__Material provided__:

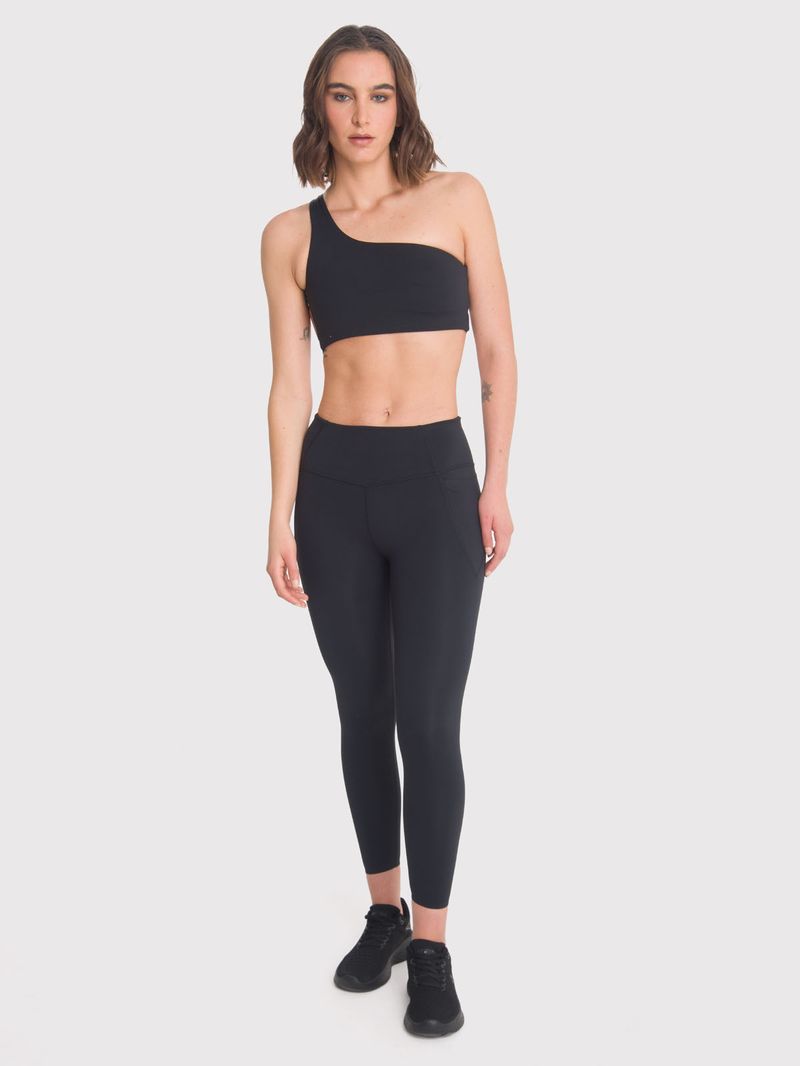 Peto-Mujer-Tania-Negro-Bsoul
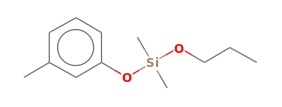 C12H20O2Si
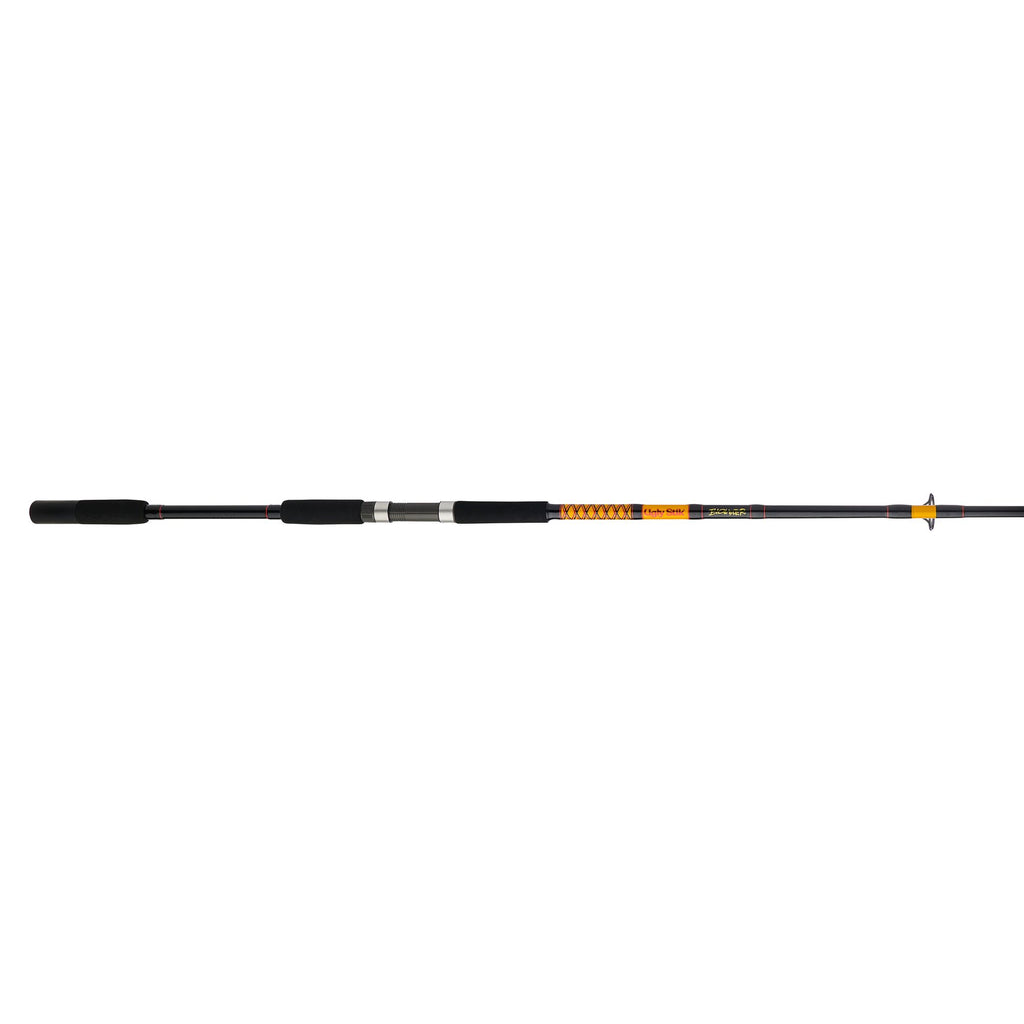 Bigwater Spinning Rod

__What this task involves__: Output the lines above in full and exactly as given, omitting any pictures.

__Worked solution__:
 Peto-Mujer-Tania-Negro-Bsoul
 C12H20O2Si
 Bigwater Spinning Rod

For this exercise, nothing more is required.